The use of soundboard technology also raises TCPA compliance issues.  In addition to generally prohibiting autodialed calls to wireless numbers without the called party’s prior express written consent, the TCPA generally prohibits calls to wireless numbers using ” an artificial or prerecorded voice.”  The TCPA also prohibits telemarketing calls to residential numbers using “an artificial or prerecorded voice” without the called party’s prior express written consent.

 

 

A D.C. federal district court has rejected a trade group’s attempt to invalidate a November 2016 FTC opinion in which the agency concluded that outbound telemarketing calls made using soundboard technology are subject to the prior written consent requirement for robocalls in the FTC’s Telemarketing Sales Rule (TSR).

The TSR’s robocall written consent requirement applies to “any outbound telephone call that delivers a prerecorded message.”  The FTC’s 2016 opinion revoked a 2009 opinion in which it had concluded that because soundboard technology allows the caller and recipient to have a two-way conversation, such calls were not subject to the TSR’s robocall consent requirement.  (In calls using soundboard technology, the caller can play pre-recorded audio clips in response to the call recipient’s statements and break in to the call when needed to speak directly to the recipient.)  The FTC changed its position in response to an increasing number of consumer complaints that consumers were not receiving appropriate responses to their questions and comments and live operators were not intervening in the calls as well as evidence that callers using soundboard technology were handing more than one call at a time.  In its 2016 opinion, the FTC made the revocation of its 2009 opinion effective on May 12, 2017 so that industry would have time to make the changes necessary to bring itself into compliance.

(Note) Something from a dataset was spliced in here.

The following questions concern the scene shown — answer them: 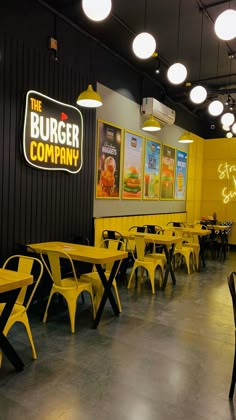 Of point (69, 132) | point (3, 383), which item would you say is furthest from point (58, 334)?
point (69, 132)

In reaching its decision, the district court first determined that the FTC’s 2016 opinion was a reviewable “final agency action” because it took a “definitive position that telemarketing calls deployed with soundboard technology are subject to the robocall regulation.”  More specifically, “telemarketing companies must either undertake the expense of coming into compliance with the agency’s new position or risk enforcement action.”

It then rejected the trade group’s claim that the FTC’s action violated the Administrative Procedure Act (APA) because the FTC did not follow the notice and comment process.  According to the court, because the 2009 opinion revoked by the 2016 opinion was clearly an “interpretive rule” rather than a “legislative rule,” the FTC’s “decision to rescind that opinion did not change the fundamental character of the agency’s action and transform an interpretive rule into a legislative one.”  As a result, the FTC was not required to follow the APA notice and comment procedures before issuing the 2016 opinion.

The district court also rejected the trade group’s claim that subjecting soundboard technology to the TSR robocall written consent requirement violated the First Amendment because it constituted an impermissible content-based restriction on the speech of the trade group’s members engaged in charitable fundraising.  According to the trade group, the TSR robocall consent requirement represented a content-based regulation because it applied to calls soliciting donations from new donors but did not apply to calls soliciting donations from prior donors or members of the non-profit on whose behalf the call is made.  The trade group argued that the carve-out for solicitation calls to prior donors and members constituted a content-based restriction on speech because the FTC must look at what is said in the call (i.e. whether the caller requests a first-time donation or a repeated donation) to determine if the written consent requirement applies.

The court concluded that the distinction between existing and other donors was relationship-based and not content-based.  As a result, it was only subject to intermediate scrutiny under the First Amendment.  The court found that the distinction satisfied such scrutiny because it was narrowly tailored to serve a significant governmental interest (namely, “protecting against unwarranted intrusions into a person’s home or pocket”) and left open ample alternative channels of communication (such as media advertising, mailing, and use of live callers instead of pre-recorded messages).